L'imbrication des peuples sur un même territoire rend problématique la définition des frontières. De plus les malentendus croissants entre Arméniens occidentaux et orientaux sonnent le glas de la République d'Arménie.
L'Église arménienne a été longtemps considérée comme un substitut à l'État durant les siècles de domination étrangère. Il faudra attendre la consolidation de l'indépendance en 1919 pour que les autorités religieuses cherchent à normaliser leurs relations avec l'État. L'Église a connu une courte mais réelle embellie avant d'être confrontée aux redoutables épreuves de la période soviétique.

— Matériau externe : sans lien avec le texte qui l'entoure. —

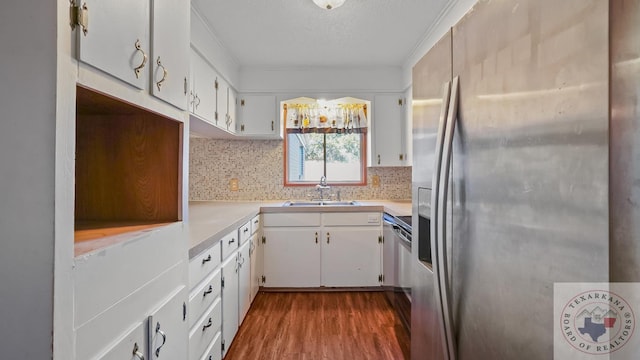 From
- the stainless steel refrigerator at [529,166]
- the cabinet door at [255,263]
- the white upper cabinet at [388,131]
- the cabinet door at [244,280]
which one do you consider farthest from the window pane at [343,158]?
the stainless steel refrigerator at [529,166]

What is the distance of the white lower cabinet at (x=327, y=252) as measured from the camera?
118 inches

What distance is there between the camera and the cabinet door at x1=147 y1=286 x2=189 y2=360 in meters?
0.93

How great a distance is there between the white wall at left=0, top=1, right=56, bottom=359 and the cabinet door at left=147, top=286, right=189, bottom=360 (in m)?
0.37

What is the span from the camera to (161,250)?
978mm

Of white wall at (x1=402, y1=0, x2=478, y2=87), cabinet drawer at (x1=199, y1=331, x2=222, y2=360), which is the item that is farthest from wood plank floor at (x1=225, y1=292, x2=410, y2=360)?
white wall at (x1=402, y1=0, x2=478, y2=87)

La nouvelle République arménienne avait tout à faire : réforme financière, administrative ... Les réformes les plus durables ont été léguées à l'Arménie soviétique ont été d'ordre culturel : l'arménien devient la langue officielle ; l'enseignement devient laïc et obligatoire ; création de la première université arménienne.

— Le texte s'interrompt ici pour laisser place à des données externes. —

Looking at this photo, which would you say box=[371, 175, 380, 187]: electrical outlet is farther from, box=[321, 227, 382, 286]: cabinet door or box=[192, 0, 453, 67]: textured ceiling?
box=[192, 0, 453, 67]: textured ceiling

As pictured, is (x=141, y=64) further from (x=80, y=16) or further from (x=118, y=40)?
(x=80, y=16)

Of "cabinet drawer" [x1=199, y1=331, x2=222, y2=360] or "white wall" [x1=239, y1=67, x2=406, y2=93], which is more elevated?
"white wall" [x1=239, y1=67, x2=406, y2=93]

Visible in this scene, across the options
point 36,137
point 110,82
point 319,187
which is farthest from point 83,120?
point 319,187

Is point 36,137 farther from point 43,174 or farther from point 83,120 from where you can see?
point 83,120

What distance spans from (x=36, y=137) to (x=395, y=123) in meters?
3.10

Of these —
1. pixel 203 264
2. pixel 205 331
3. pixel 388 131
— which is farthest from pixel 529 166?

15 - L’ARMÉNIE SOVIÉTIQUE (1921/1991)
Pour Moscou, le principal problème à résoudre a été de briser les traditions paysannes patriarchales qui favorisent le nationalisme. Face aux risques de nationalisation de ses biens, l'Église se considère comme malmenée. En fait, l'Arménie n'entre dans le régime soviétique qu'à petits pas, tout en appréciant le développement de la scolarisation.

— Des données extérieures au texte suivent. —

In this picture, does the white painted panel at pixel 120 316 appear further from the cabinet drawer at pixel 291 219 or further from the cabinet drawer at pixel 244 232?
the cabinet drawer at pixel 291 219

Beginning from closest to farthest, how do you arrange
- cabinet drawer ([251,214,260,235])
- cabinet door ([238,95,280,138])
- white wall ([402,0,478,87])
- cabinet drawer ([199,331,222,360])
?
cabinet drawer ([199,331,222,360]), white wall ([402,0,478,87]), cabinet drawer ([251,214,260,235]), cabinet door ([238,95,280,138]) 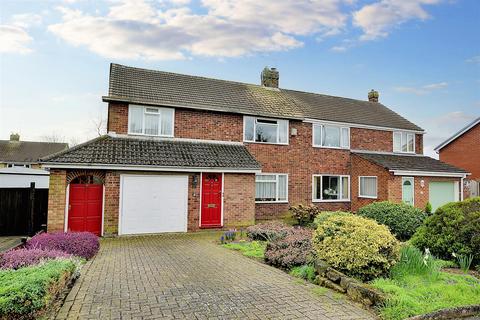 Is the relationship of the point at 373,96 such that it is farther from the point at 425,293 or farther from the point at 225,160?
the point at 425,293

La période des premiers plans quinquennaux semble plus bénéfique pour l'industrie, mais le refus de la collectivisation des terres se transforme souvent en une véritable guerilla. Plus de la moitié des terres reste non cultivable ; les petites parcelles pierreuses de ce pays montagneux ne se prêtent ni à la culture extensive, ni à la mécanisation.
Comme dans le reste de l'Union, on veut promouvoir la femme par le travail et la qualification professionnelle. L'émancipation des femmes se heurte cependant à des résistance au niveau des mœurs et de la pratique quotidienne.
À partir de 1929, tout prosélytisme religieux est interdit, alors que les organisations anticléricales abondent.
Collectivisée, industrialisée, urbanisée, alphabétisée et sécularisée, la société arménienne semble s'être coulée dans le moule soviétique.
L'Arménie participe avec brio à la deuxième guerre mondiale. En retour l'URSS s'intéresse à la "Question arménienne" et autorise le rapatriement des émigrés. Mais, comme dans toute l'Union au lendemain de la guerre, la réalité est désastreuse : chute de la production économique et du niveau de vie, famine, inflation, marché noir, corruption, et surtout regain de la terreur stalinienne.
La mort du "guide" en mars 1953 semble annoncer le "dégel" et l'assouplissement de la vie politique et économique. L'Arménie connaît alors une période de forte croissance, se couvrant d'usines et de combinats. La population double entre 1959 et 1989 ; la famille continue de jouer le rôle de foyer et de transmission de la foi et de la mémoire.
La question nationale est un éternel problème : histoire plurimillénaire, diaspora, génocide, l'équilibre est difficile à maintenir. Mais les réussites sont attribuées par les Arméniens à leur propre labeur, plus qu'au système soviétique, qui ne peut perdurer dans ces conditions.